*WHAT IS NEEDED*: Once the line holding "Profile Picture of" appears, repeat it and each line after it to the end of the data, exactly and with nothing else; pictures stay out.

*** RECORDS TO PROCESS Section Begins ***

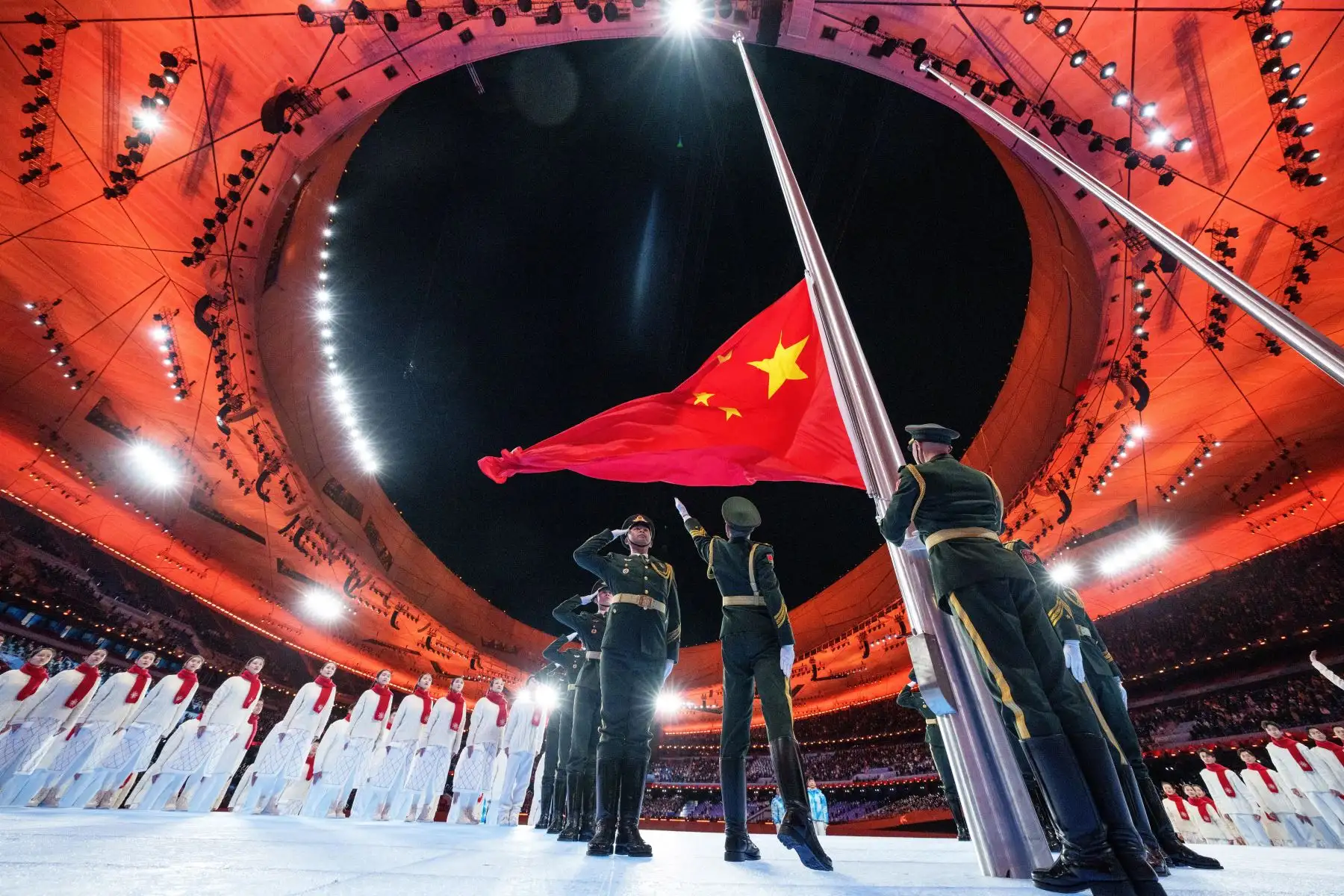 Bandera nacional de China izada durante la ceremonia de apertura de los Juegos Paralímpicos de Invierno de Beijing 2022 en el Estadio Nacional de Beijing. Foto: AFP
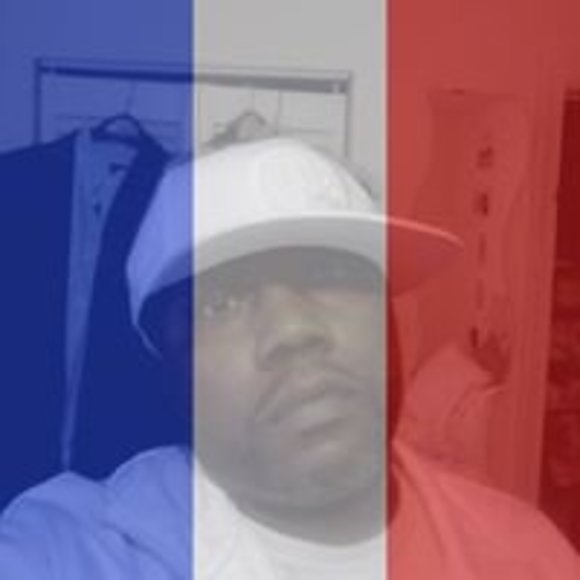 Profile Picture of Andre Johnson (@johnsonsiron477) on Poshmark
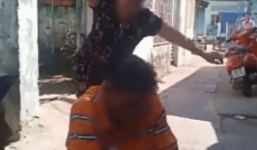 Clip: Chồng đánh bạc, vợ cầm chổi nện không thương tiếc, túm cổ lôi về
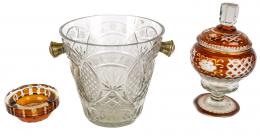 63 - LOTE DE VARIAS PIEZAS DE CRISTAL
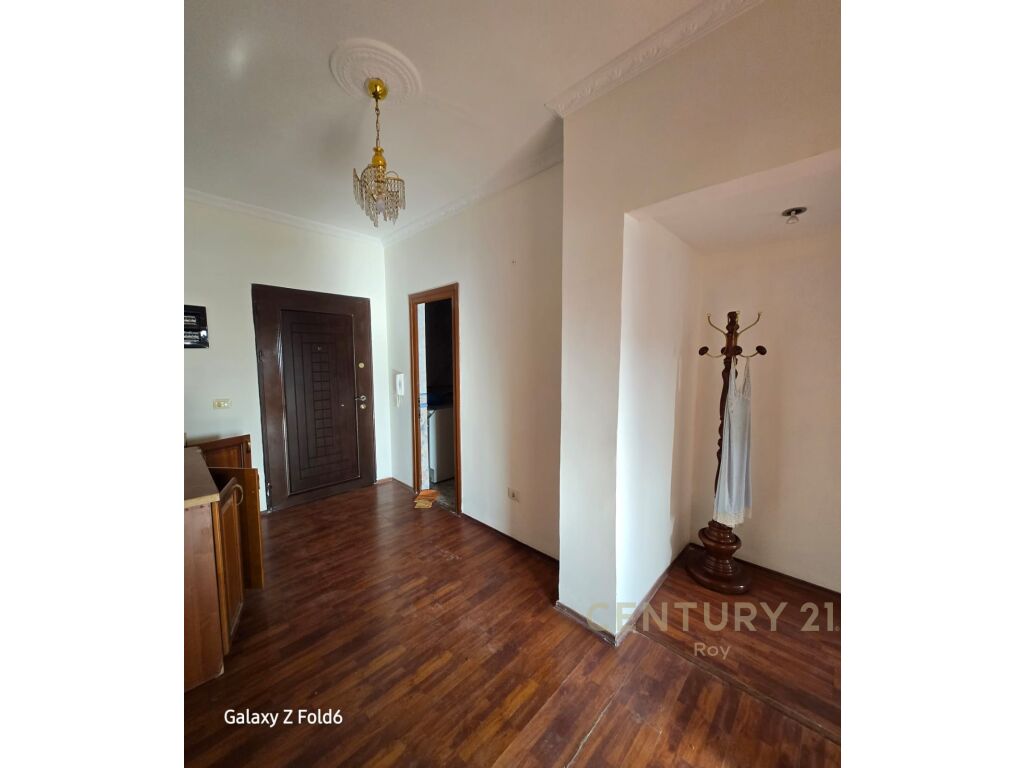 APPARTAMENTO 3+1+2 CON VISTA PORTO DI 950 M2 IN VENDITA!!!
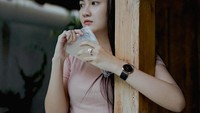 Banyak dari penggemar mereka yang baper dengan video klip tersebut dan berharap mereka untuk jadian. Foto: Instagram @nellakharisma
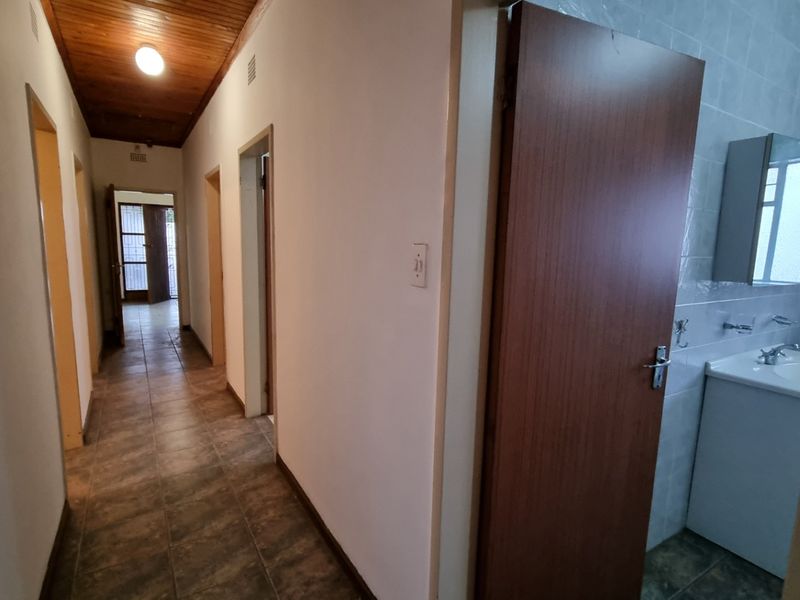 4 Bedroom House to Rent  - Photo 9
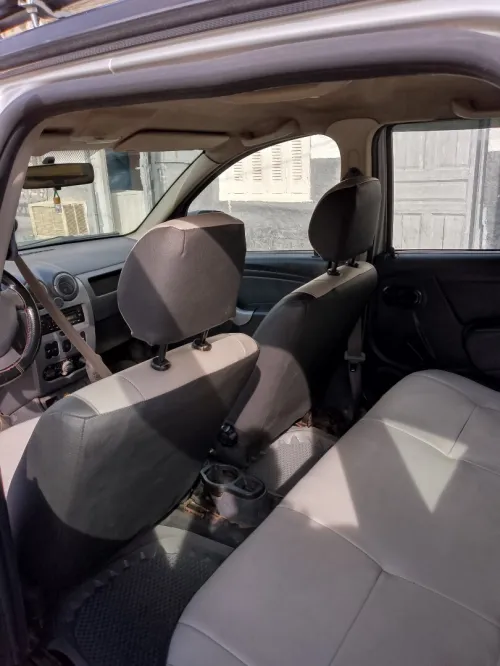 Dacia Duster 2011 .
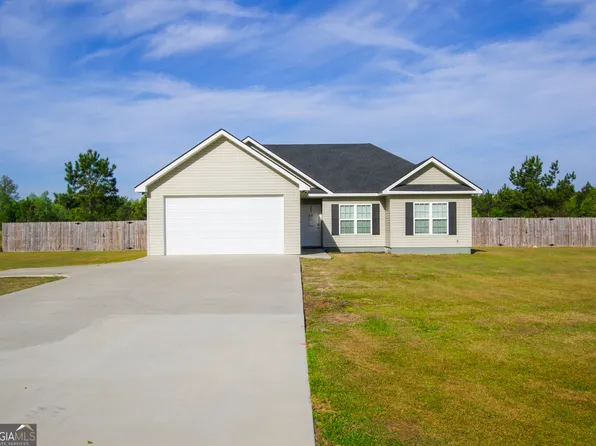 11769 Henry St, Claxton, GA 30417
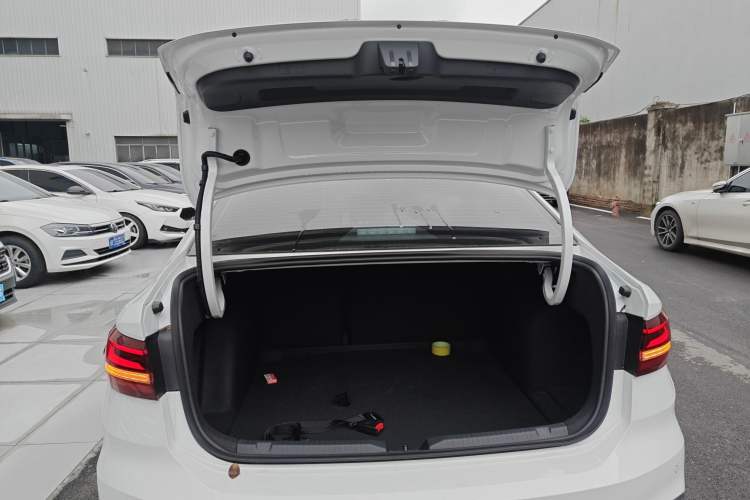 Used Volkswagen Lavida 2024 1.5L Automatic 5 Million Edition Trunk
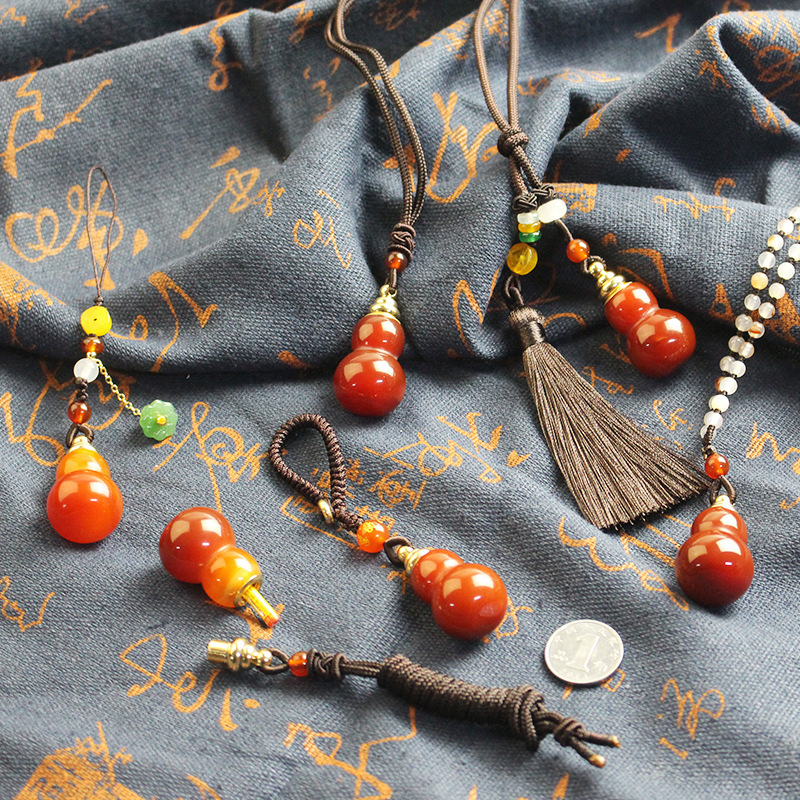 Natural Red Agate Hollow Openable Gourd Pendant with Cinnabar and Shurangama Mantra Perfume Keychain, Artistic Retro Style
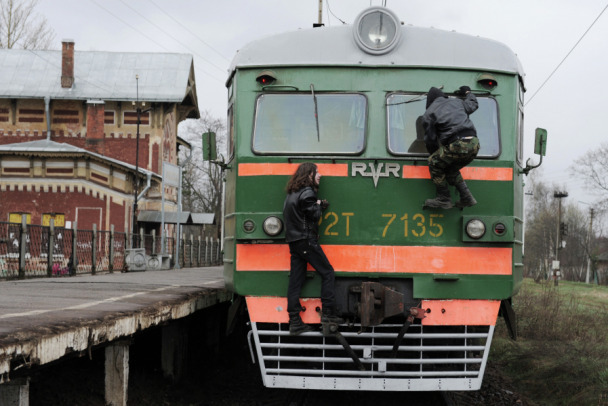 Петербуржец в поисках острых ощущений зацепился за поезд до Тосно. Но поездка быстро завершилась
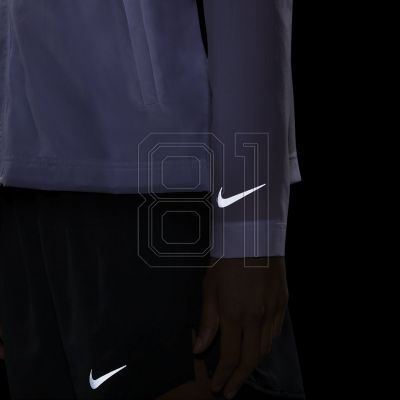 18. Nike Retro Sweatshirt W DD5995-100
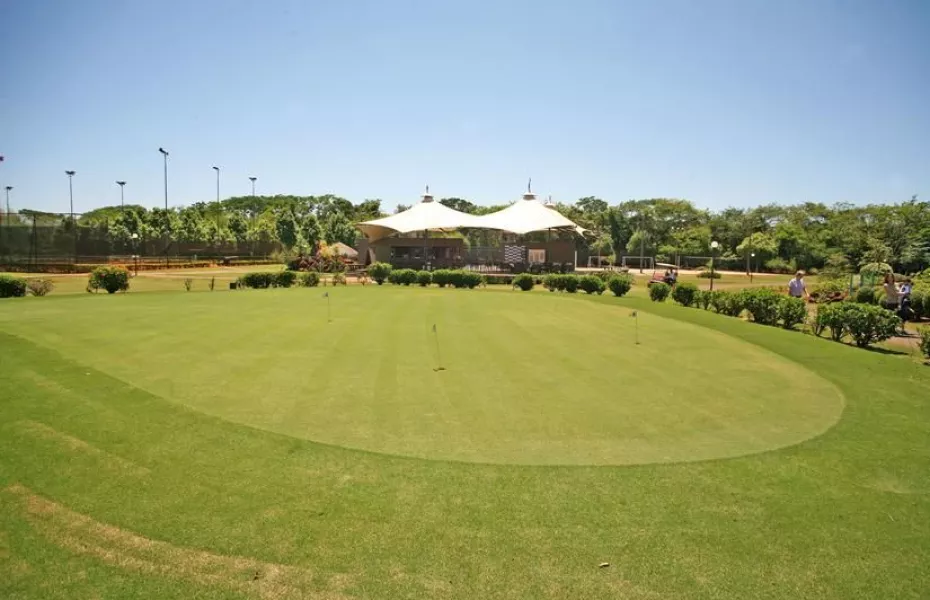 Royal Golf Residence Society: Practice area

*** RECORDS TO PROCESS Section Ends ***

*OUTPUT*:
 Profile Picture of Andre Johnson (@johnsonsiron477) on Poshmark
 Clip: Chồng đánh bạc, vợ cầm chổi nện không thương tiếc, túm cổ lôi về
 63 - LOTE DE VARIAS PIEZAS DE CRISTAL
 APPARTAMENTO 3+1+2 CON VISTA PORTO DI 950 M2 IN VENDITA!!!
 Banyak dari penggemar mereka yang baper dengan video klip tersebut dan berharap mereka untuk jadian. Foto: Instagram @nellakharisma
 4 Bedroom House to Rent  - Photo 9
 Dacia Duster 2011 .
 11769 Henry St, Claxton, GA 30417
 Used Volkswagen Lavida 2024 1.5L Automatic 5 Million Edition Trunk
 Natural Red Agate Hollow Openable Gourd Pendant with Cinnabar and Shurangama Mantra Perfume Keychain, Artistic Retro Style
 Петербуржец в поисках острых ощущений зацепился за поезд до Тосно. Но поездка быстро завершилась
 18. Nike Retro Sweatshirt W DD5995-100
 Royal Golf Residence Society: Practice area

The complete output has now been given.